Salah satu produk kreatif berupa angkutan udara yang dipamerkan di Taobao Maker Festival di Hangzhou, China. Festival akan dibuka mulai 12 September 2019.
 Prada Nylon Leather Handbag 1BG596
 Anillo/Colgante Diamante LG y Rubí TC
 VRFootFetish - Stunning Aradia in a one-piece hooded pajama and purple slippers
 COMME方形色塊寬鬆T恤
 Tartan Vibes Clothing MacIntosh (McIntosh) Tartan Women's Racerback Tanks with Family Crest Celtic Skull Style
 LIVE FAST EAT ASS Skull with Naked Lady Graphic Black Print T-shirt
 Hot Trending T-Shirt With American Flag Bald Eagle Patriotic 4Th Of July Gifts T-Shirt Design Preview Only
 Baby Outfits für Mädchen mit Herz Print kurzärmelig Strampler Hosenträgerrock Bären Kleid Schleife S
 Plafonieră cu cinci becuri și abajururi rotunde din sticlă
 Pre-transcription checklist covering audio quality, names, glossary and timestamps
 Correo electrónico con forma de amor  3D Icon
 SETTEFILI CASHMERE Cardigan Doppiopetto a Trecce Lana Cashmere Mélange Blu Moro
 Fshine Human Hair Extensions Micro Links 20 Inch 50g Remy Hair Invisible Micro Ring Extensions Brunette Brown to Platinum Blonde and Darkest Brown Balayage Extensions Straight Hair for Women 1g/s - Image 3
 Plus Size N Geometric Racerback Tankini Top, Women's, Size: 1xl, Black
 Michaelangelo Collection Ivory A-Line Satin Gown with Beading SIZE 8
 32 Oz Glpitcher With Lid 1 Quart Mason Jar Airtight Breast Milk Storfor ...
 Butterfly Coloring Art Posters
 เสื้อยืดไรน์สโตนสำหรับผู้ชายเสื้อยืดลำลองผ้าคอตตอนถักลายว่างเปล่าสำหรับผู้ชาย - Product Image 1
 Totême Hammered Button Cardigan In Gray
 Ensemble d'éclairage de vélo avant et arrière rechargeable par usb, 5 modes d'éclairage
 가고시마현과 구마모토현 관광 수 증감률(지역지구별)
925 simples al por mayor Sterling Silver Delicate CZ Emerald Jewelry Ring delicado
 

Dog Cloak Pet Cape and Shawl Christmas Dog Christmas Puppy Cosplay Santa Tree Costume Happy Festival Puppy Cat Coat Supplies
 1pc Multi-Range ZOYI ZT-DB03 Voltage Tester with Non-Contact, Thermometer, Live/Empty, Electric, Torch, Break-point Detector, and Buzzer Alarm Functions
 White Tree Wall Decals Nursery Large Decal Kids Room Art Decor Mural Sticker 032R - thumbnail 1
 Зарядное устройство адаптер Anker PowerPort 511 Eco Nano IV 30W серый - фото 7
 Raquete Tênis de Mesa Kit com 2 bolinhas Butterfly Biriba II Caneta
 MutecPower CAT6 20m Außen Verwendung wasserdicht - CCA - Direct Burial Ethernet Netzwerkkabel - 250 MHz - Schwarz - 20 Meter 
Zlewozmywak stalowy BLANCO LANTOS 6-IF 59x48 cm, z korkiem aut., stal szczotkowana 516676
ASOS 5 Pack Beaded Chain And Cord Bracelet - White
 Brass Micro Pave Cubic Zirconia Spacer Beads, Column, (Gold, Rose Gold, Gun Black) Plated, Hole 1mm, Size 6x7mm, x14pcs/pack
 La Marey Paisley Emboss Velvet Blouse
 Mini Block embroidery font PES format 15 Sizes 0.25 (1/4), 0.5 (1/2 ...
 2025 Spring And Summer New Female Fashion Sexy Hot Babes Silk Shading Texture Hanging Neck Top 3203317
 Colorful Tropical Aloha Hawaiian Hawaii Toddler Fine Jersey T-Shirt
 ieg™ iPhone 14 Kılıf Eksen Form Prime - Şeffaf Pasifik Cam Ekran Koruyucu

┄┄┄┄┄┄

> _WHAT IS REQUIRED_
The answer must be every line of the data that contains the word "Black".

> _EXERCISE RESPONSE_
 LIVE FAST EAT ASS Skull with Naked Lady Graphic Black Print T-shirt
 Plus Size N Geometric Racerback Tankini Top, Women's, Size: 1xl, Black
 Brass Micro Pave Cubic Zirconia Spacer Beads, Column, (Gold, Rose Gold, Gun Black) Plated, Hole 1mm, Size 6x7mm, x14pcs/pack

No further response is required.